* Directions: Restate word for word all of the lines below, with each image left out.

══ Dataset content ══

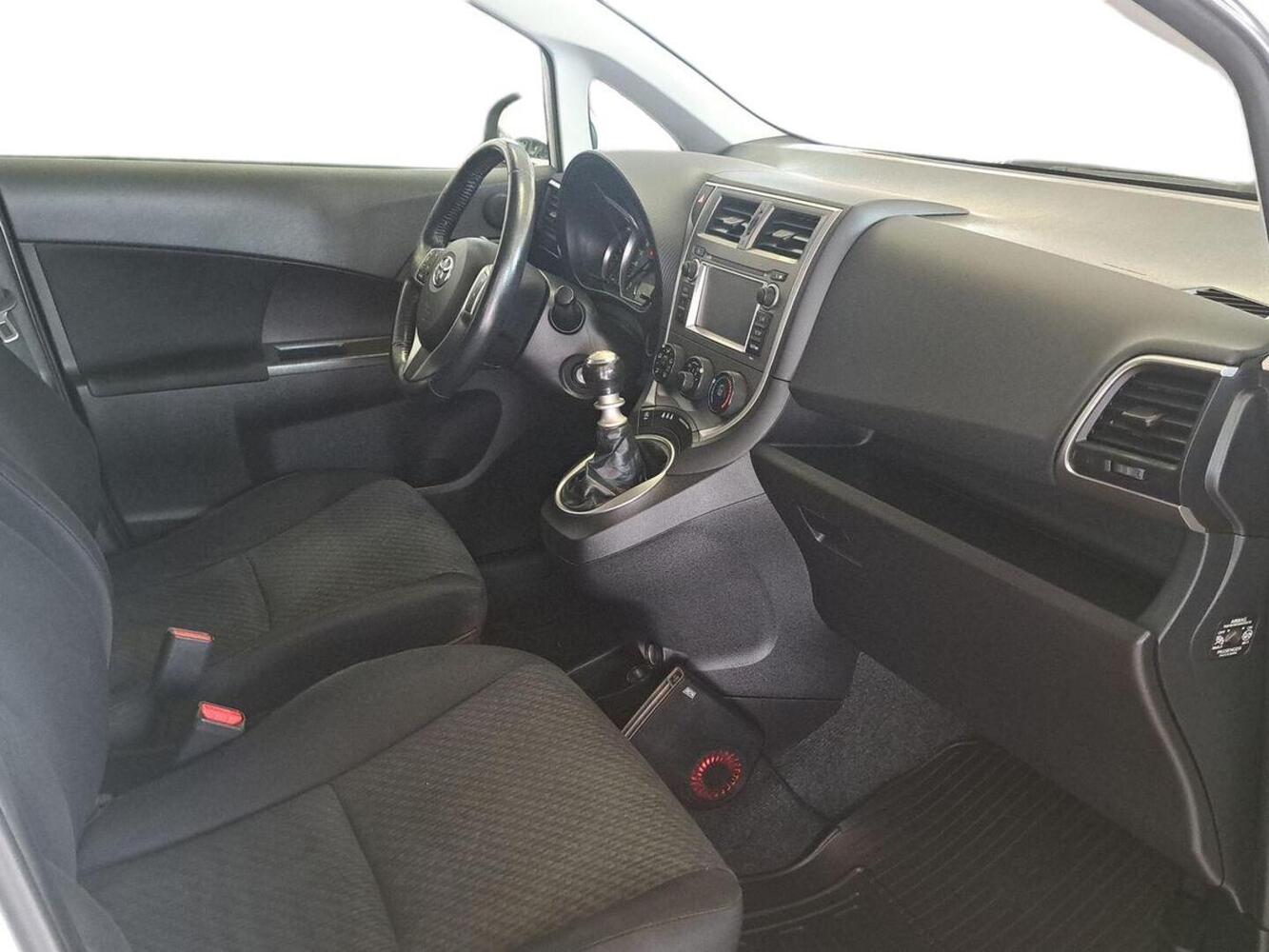 Toyota Verso-S vaihtoauto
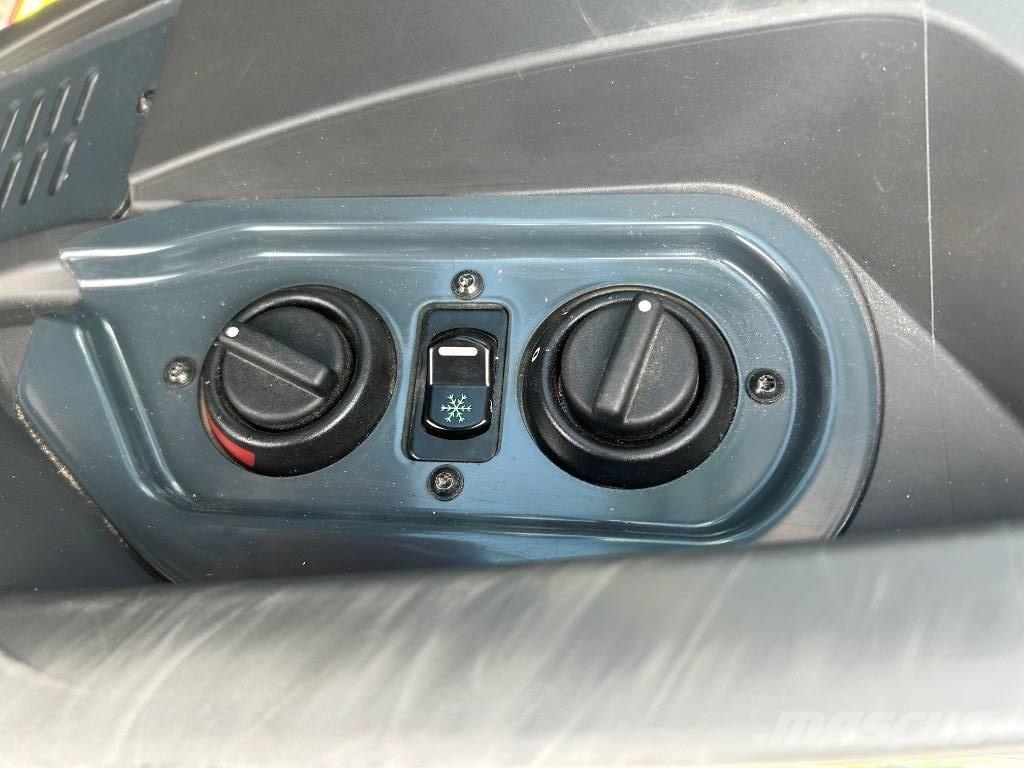 Avant 650 i 滑移装载机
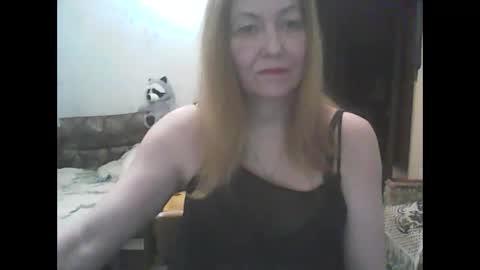 Snapshot of sweet4blonde67 chatting on November 12, 2025, 8:15 am sweet4blonde67 online show from November 12, 2025, 8:15 am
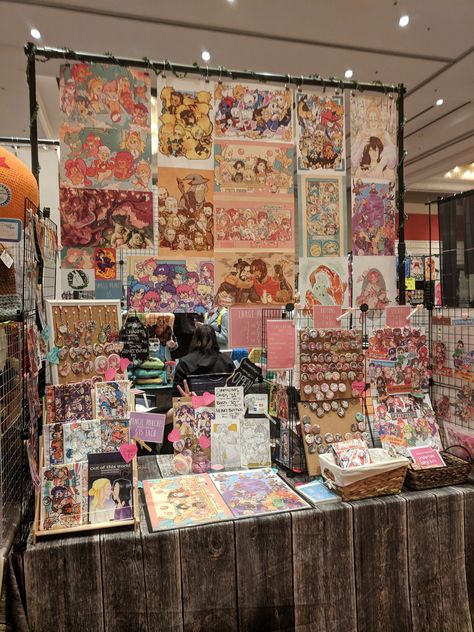 Cute Craft Booth Set Up, Art Stand Ideas, Art Print Display Ideas, Convention Table Display, Print Display Ideas, Convention Setup, Art Booth Display, Artist Alley Display Ideas, Artist Alley Display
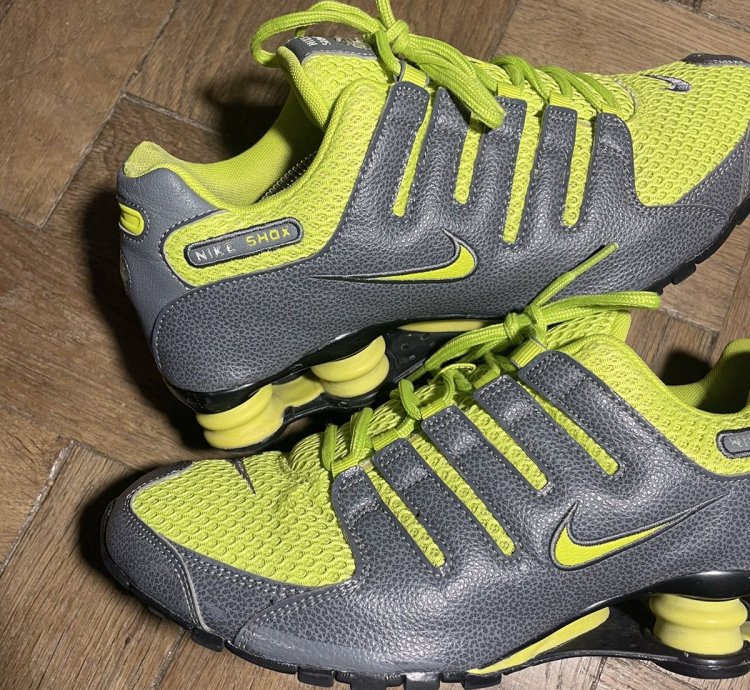 Vintage Men Nike Shox Y2k Gray Yellow Sneakers Shoes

═══

* Exercise answer:
 Toyota Verso-S vaihtoauto
 Avant 650 i 滑移装载机
 Snapshot of sweet4blonde67 chatting on November 12, 2025, 8:15 am sweet4blonde67 online show from November 12, 2025, 8:15 am
 Cute Craft Booth Set Up, Art Stand Ideas, Art Print Display Ideas, Convention Table Display, Print Display Ideas, Convention Setup, Art Booth Display, Artist Alley Display Ideas, Artist Alley Display
 Vintage Men Nike Shox Y2k Gray Yellow Sneakers Shoes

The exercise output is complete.